[clang] 1bf055c - [Syntax] Add mapping from spelled to expanded tokens for TokenBuffer
Dmitri Gribenko via cfe-commits
cfe-commits at lists.llvm.org
Tue Apr 7 06:10:55 PDT 2020
Author: Marcel Hlopko
Date: 2020-04-07T15:07:16+02:00
New Revision: 1bf055c9891f1a5ab2ff6a04348bd83fcc0a9cde
URL: https://github.com/llvm/llvm-project/commit/1bf055c9891f1a5ab2ff6a04348bd83fcc0a9cde
DIFF: https://github.com/llvm/llvm-project/commit/1bf055c9891f1a5ab2ff6a04348bd83fcc0a9cde.diff
LOG: [Syntax] Add mapping from spelled to expanded tokens for TokenBuffer
Summary:
Same restrictions apply as in the other direction: macro arguments are
not supported yet, only full macro expansions can be mapped.
Taking over from https://reviews.llvm.org/D72581.

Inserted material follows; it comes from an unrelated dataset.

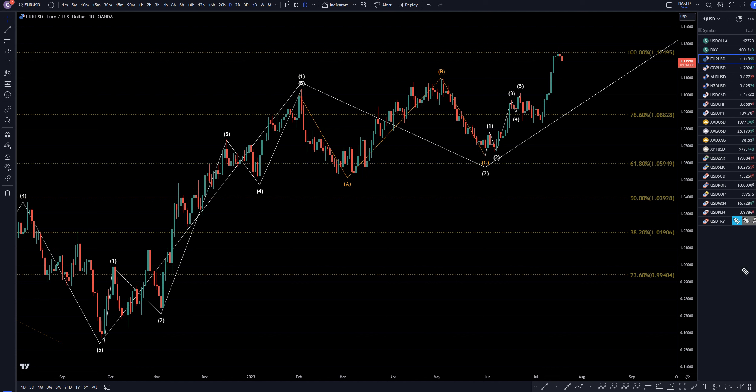Hello traders, FxPipCollector here. Today is Wednesday, July 19th, and this is my recap of the top viewed videos of the day. The US dollar came in number 1 today, so we're going to do a quick recap from the daily down to the 1-hour time frame.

Reviewers: gribozavr2, sammccall
Reviewed By: gribozavr2
Subscribers: cfe-commits
Tags: #clang
Differential Revision: https://reviews.llvm.org/D77209
Added:
Modified:
clang/include/clang/Tooling/Syntax/Tokens.h
clang/lib/Tooling/Syntax/Tokens.cpp
clang/unittests/Tooling/Syntax/TokensTest.cpp
clang/unittests/Tooling/Syntax/TreeTest.cpp
Removed:
################################################################################
diff --git a/clang/include/clang/Tooling/Syntax/Tokens.h b/clang/include/clang/Tooling/Syntax/Tokens.h
index 7e50892284f4..a7f9369ddfff 100644
--- a/clang/include/clang/Tooling/Syntax/Tokens.h
+++ b/clang/include/clang/Tooling/Syntax/Tokens.h
@@ -171,7 +171,6 @@ llvm::raw_ostream &operator<<(llvm::raw_ostream &OS, const Token &T);
/// To build a token buffer use the TokenCollector class. You can also compute
/// the spelled tokens of a file using the tokenize() helper.
///
-/// FIXME: allow to map from spelled to expanded tokens when use-case shows up.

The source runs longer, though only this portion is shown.